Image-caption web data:
##############################
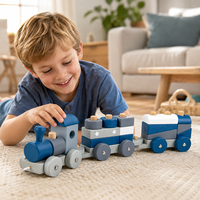 Jouet de train à empiler en bois Montessori, voiture à tirer, blocs de tri de formes, jouet éducatif pour tout-petits et enfants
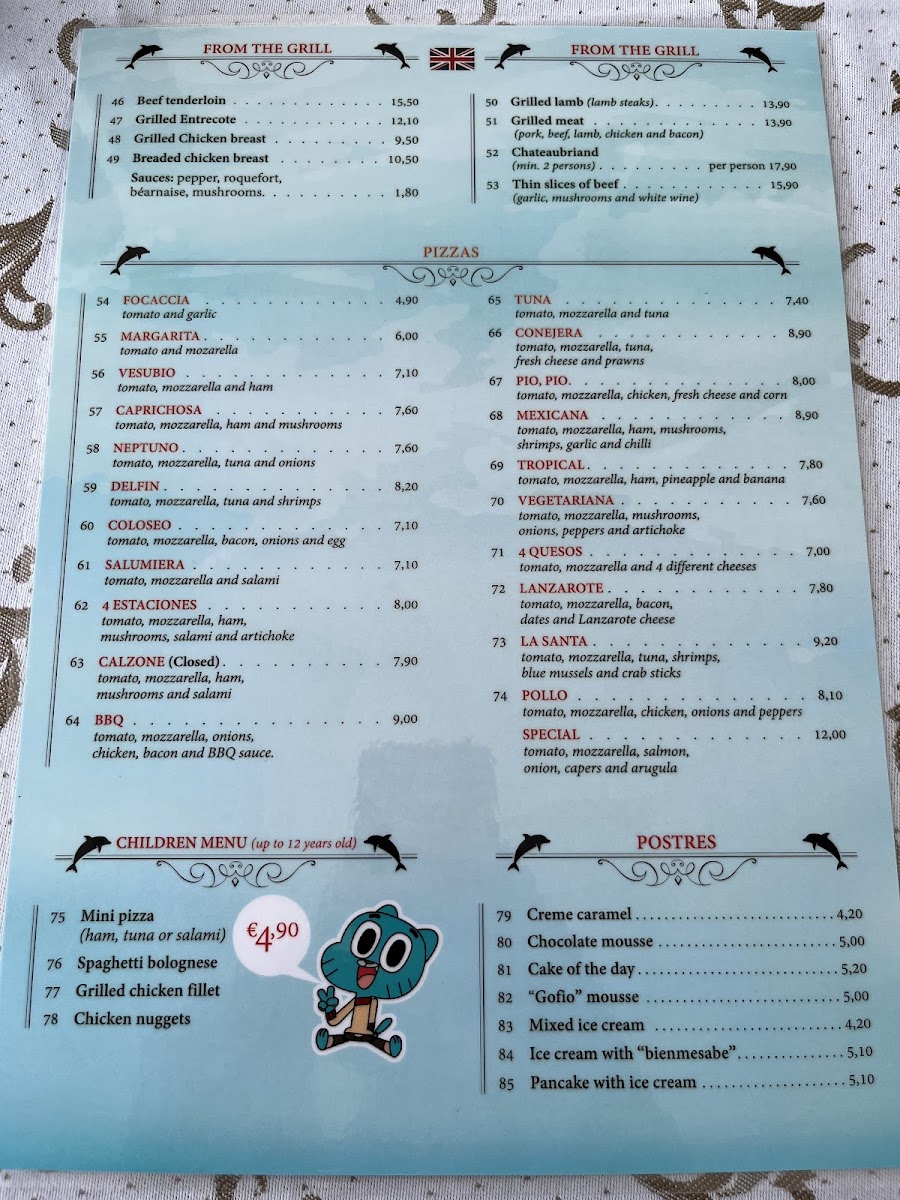 Restaurante Los Delfines Photo Menu 3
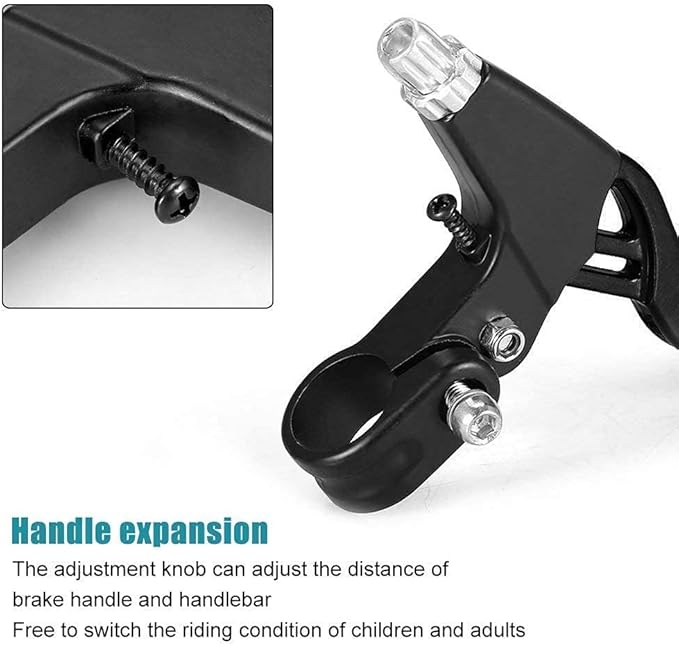 DISIWENE 1 Pair Bicycle Brake Lever, V-Brake Handlebar Aluminium Alloy Bike Brake Handle Universal 2.2cm for Most Bicycle, Road Bike, Mountain Bike (Black)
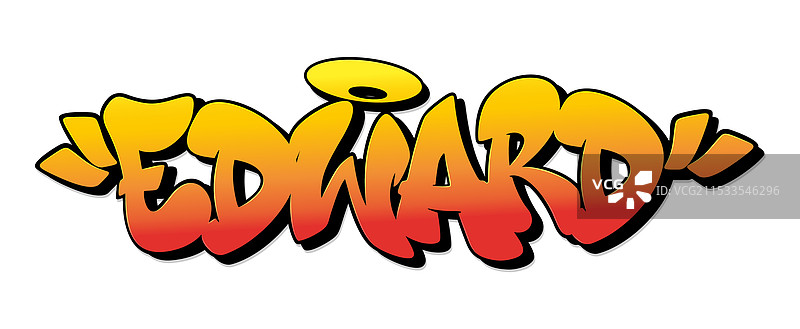 爱德华的涂鸦风格名字图片素材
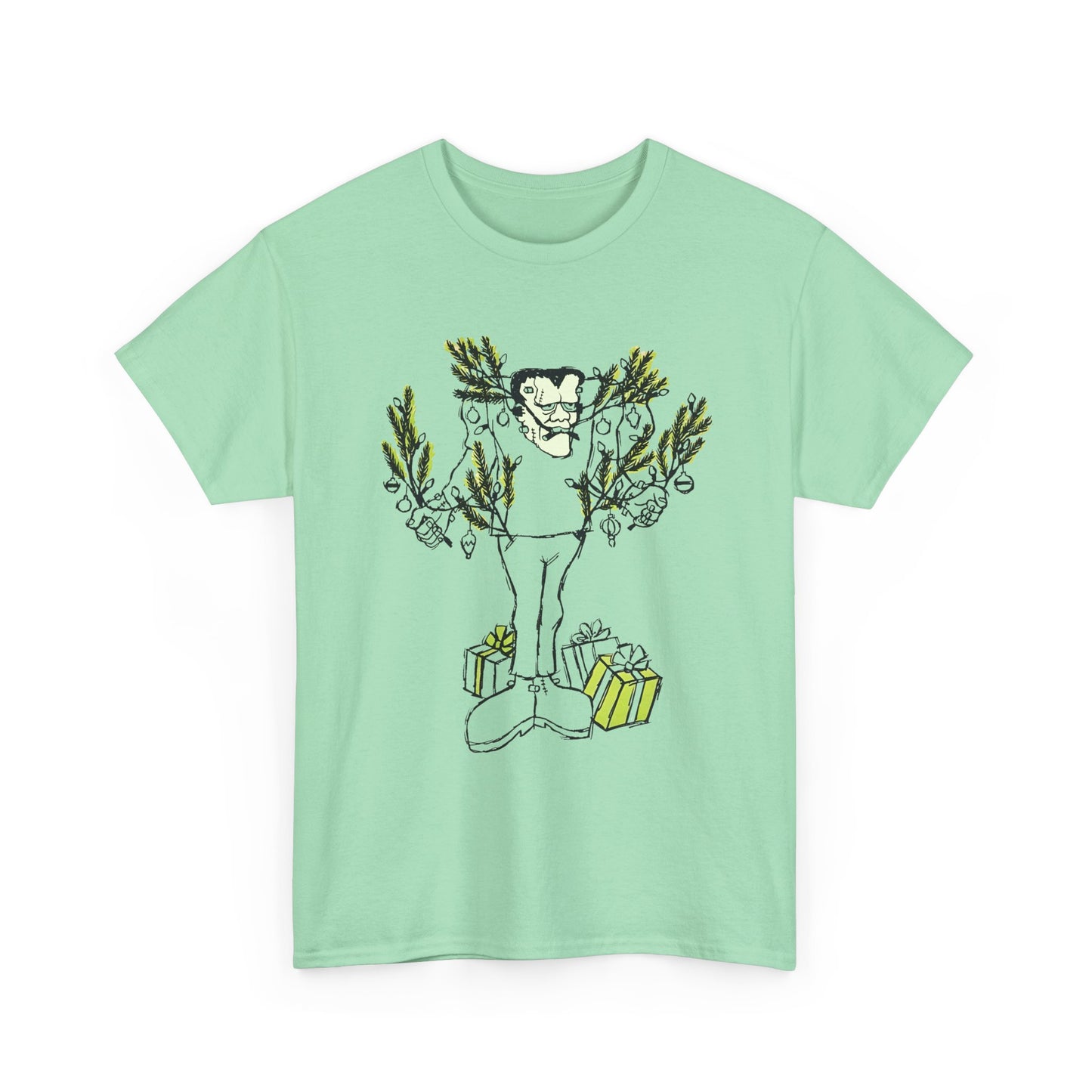 1974 monster holidays by norman bridwell frankenstein monster christmas tree disguise tshirt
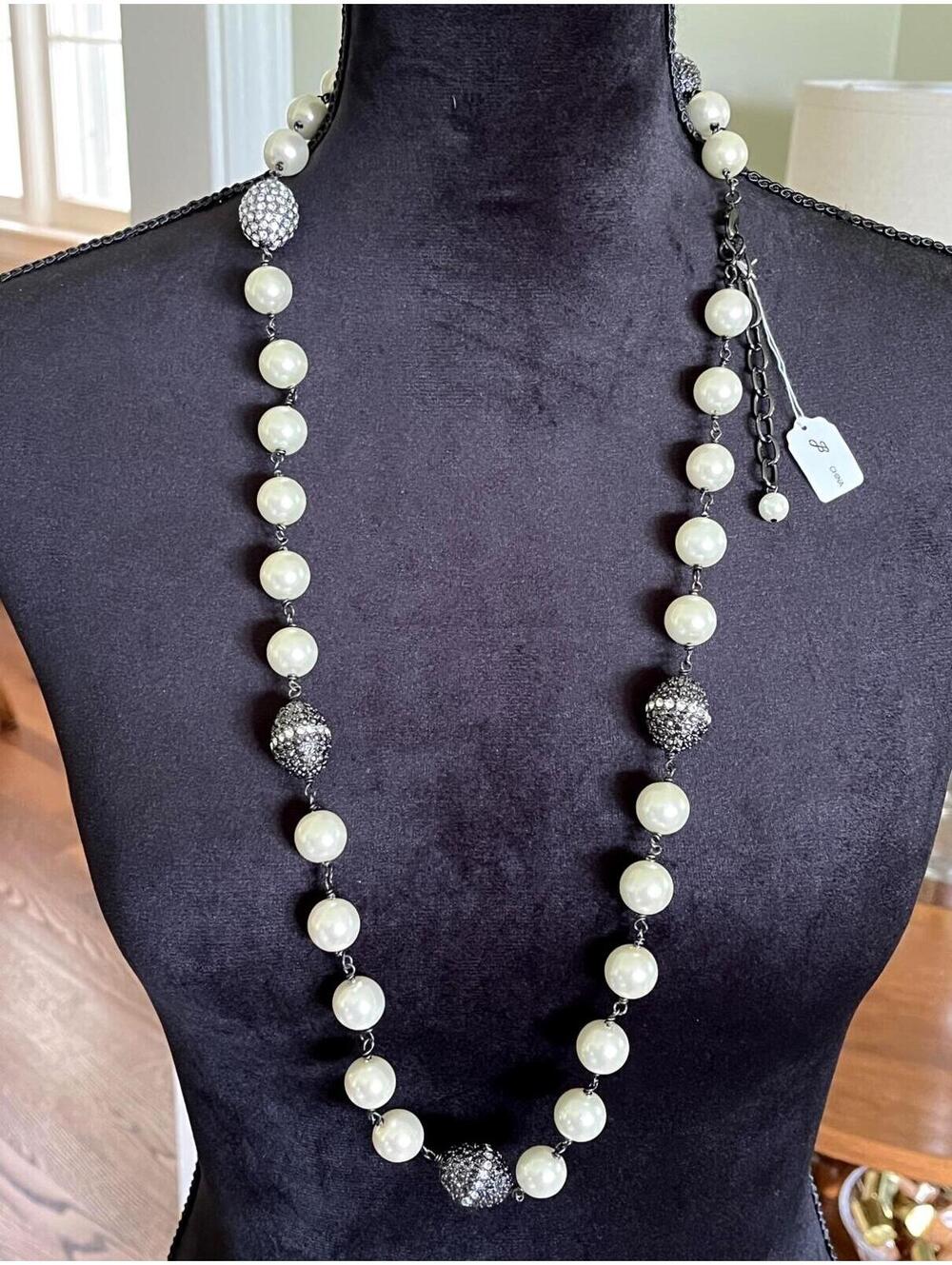 Joan Boyce Long Pearl Beaded Necklace with Rhinestone Accent Beads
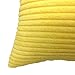 YOUR SMILE Solid Color Decorative Accent Pillow Covers Case Striped Corduroy Plush Velvet Cushion Cover for Couch, Set of 2, Yellow,18x18 inch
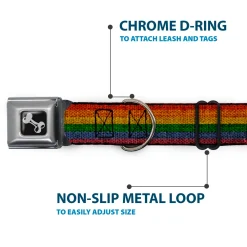 Dog Bone Black/Silver Seatbelt Buckle Collar - Burlap Texture Rainbow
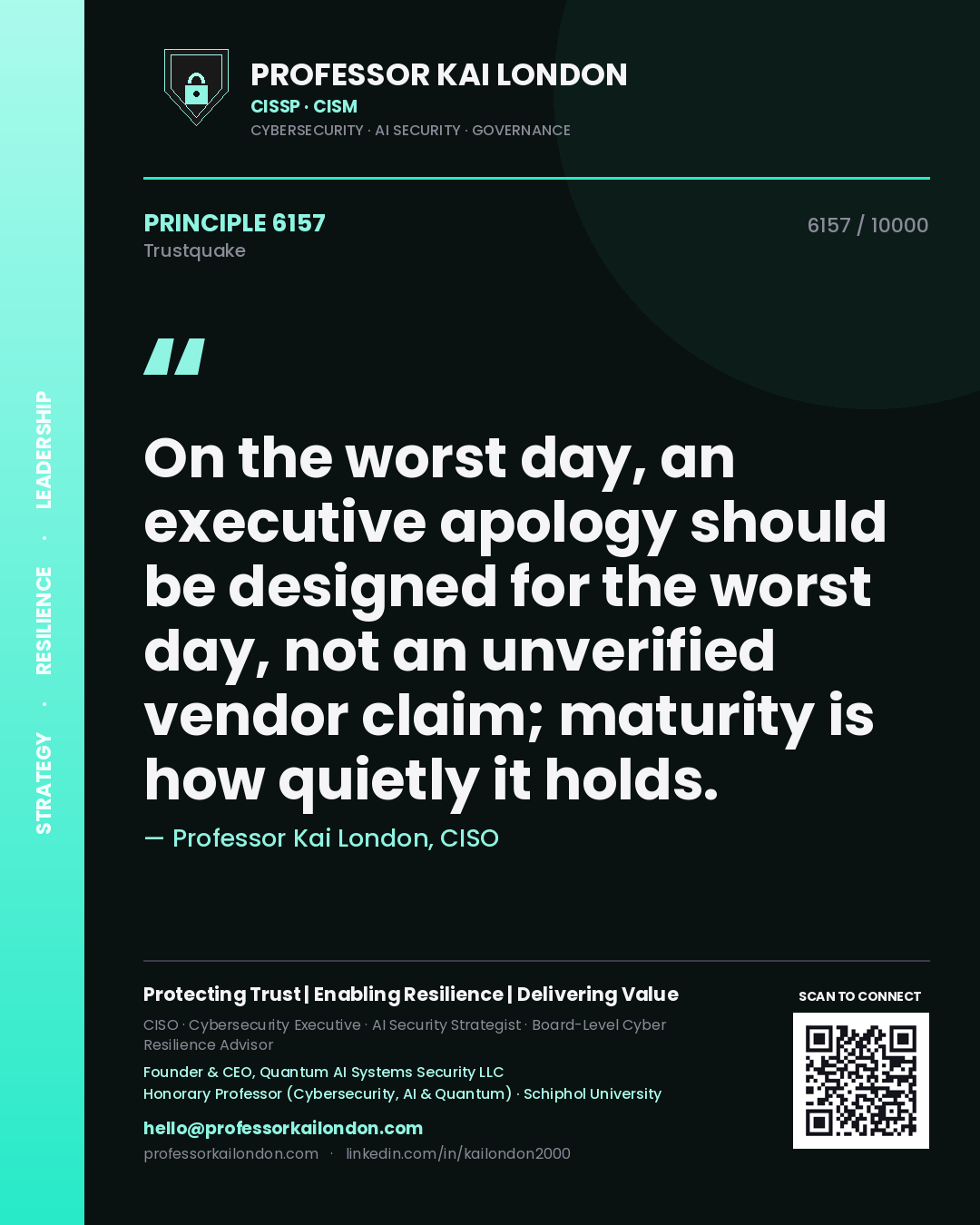 Quote card by Professor Kai London reading 'On the worst day, an executive apology should be designed for the worst day, not an unverified vendor claim; maturity is how quietly it holds.'. From the book Trustquake.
##############################
## Task requirements
In your copy, please omit the pictures and print every line of the records exactly.

## Output below
 Jouet de train à empiler en bois Montessori, voiture à tirer, blocs de tri de formes, jouet éducatif pour tout-petits et enfants
 Restaurante Los Delfines Photo Menu 3
 DISIWENE 1 Pair Bicycle Brake Lever, V-Brake Handlebar Aluminium Alloy Bike Brake Handle Universal 2.2cm for Most Bicycle, Road Bike, Mountain Bike (Black)
 爱德华的涂鸦风格名字图片素材
 1974 monster holidays by norman bridwell frankenstein monster christmas tree disguise tshirt
 Joan Boyce Long Pearl Beaded Necklace with Rhinestone Accent Beads
 YOUR SMILE Solid Color Decorative Accent Pillow Covers Case Striped Corduroy Plush Velvet Cushion Cover for Couch, Set of 2, Yellow,18x18 inch
 Dog Bone Black/Silver Seatbelt Buckle Collar - Burlap Texture Rainbow
 Quote card by Professor Kai London reading 'On the worst day, an executive apology should be designed for the worst day, not an unverified vendor claim; maturity is how quietly it holds.'. From the book Trustquake.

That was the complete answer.